Home / Shipping News / International Shipping News / IMO 2020 rules may impact GCC oil exports

IMO 2020 rules may impact GCC oil exports

Oil markets will go through a major transformation as new regulations covering the sulphur content of marine fuels take effect from January 1, 2020 and may have an impact on the regional countries due to high level of sulphur content in their crude.

The International Maritime Organisation (IMO) has ruled that from January 1, 2020, marine sector emissions in international waters will be slashed. The marine sector will have to reduce sulphur emissions by over 80 per cent by switching to lower sulphur fuels. The rules define that the global 0.5 per cent sulphur cap will enter into force in 2020, and more than 70,000 ships will be affected by the regulation.

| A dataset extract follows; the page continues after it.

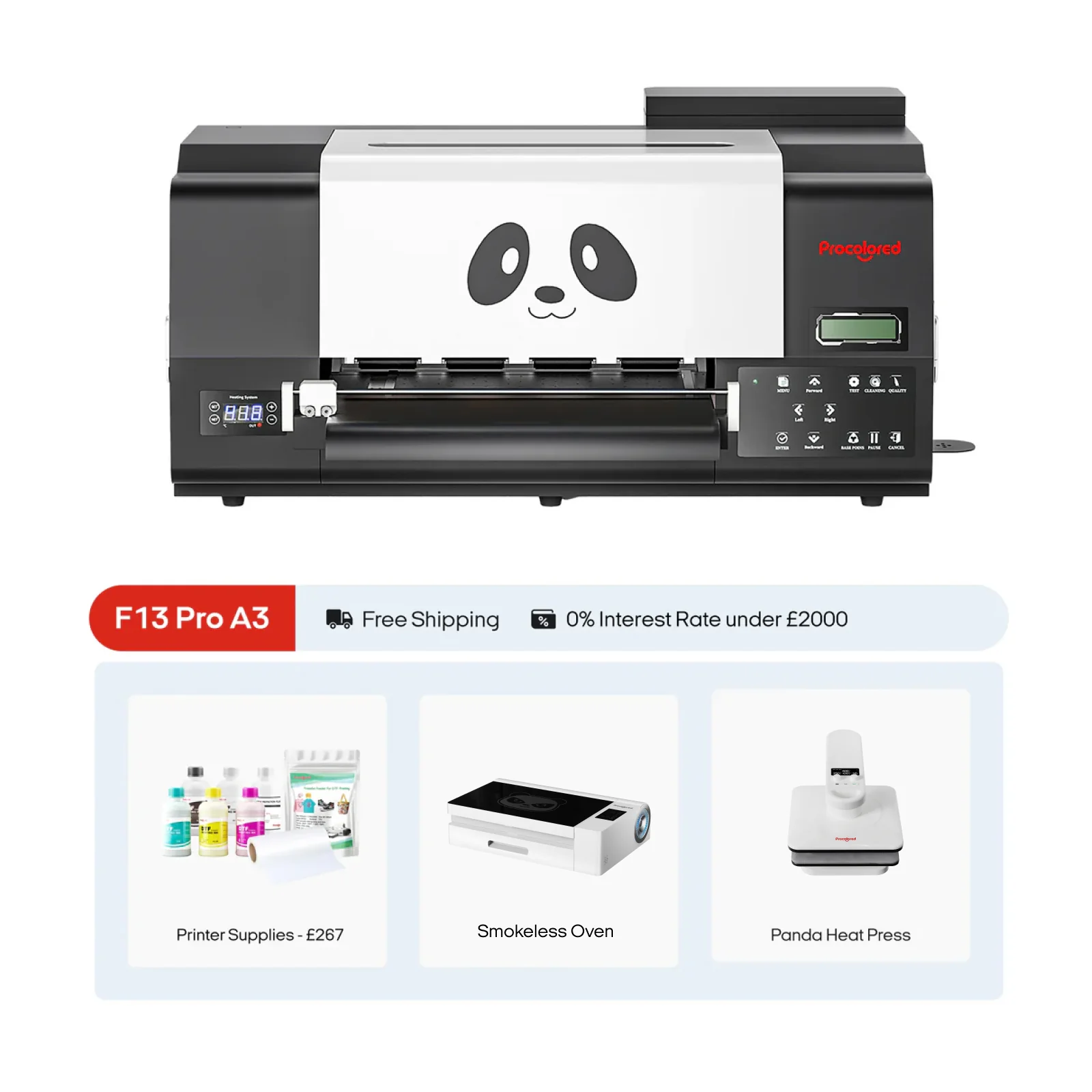Procolored F13 Pro Panda DTF Printer 13" A3 Dual XP600 & Complete Bundle Premium - Image 2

The IMO 2020 rules have been estimated to affect as much as 3.5 million barrels per day of demand for high sulphur fuel oil, the shipping industry’s traditional fuel.

Industry insiders said that the UAE ratified the IMO 2020 rules in May and it won’t rush to punish non-compliant ships when new rules will be effective from January 1. They said the UAE holds strategic position in the region because of Fujairah Port where thousands of ships go to refuel each year when calling at ports in the Middle East.

Federal Transport Authority chairman Abdullah Al Nuaimi said recently that the UAE will adopt a flexible approach toward those ships that breach the environmental regulations when they enter into force on January 1.

“The ships rejected by another port for non-compliance should not call in the UAE,” according to one official. “The UAE is developing a new maritime trade law that will help standardise penalties across ports,” he added.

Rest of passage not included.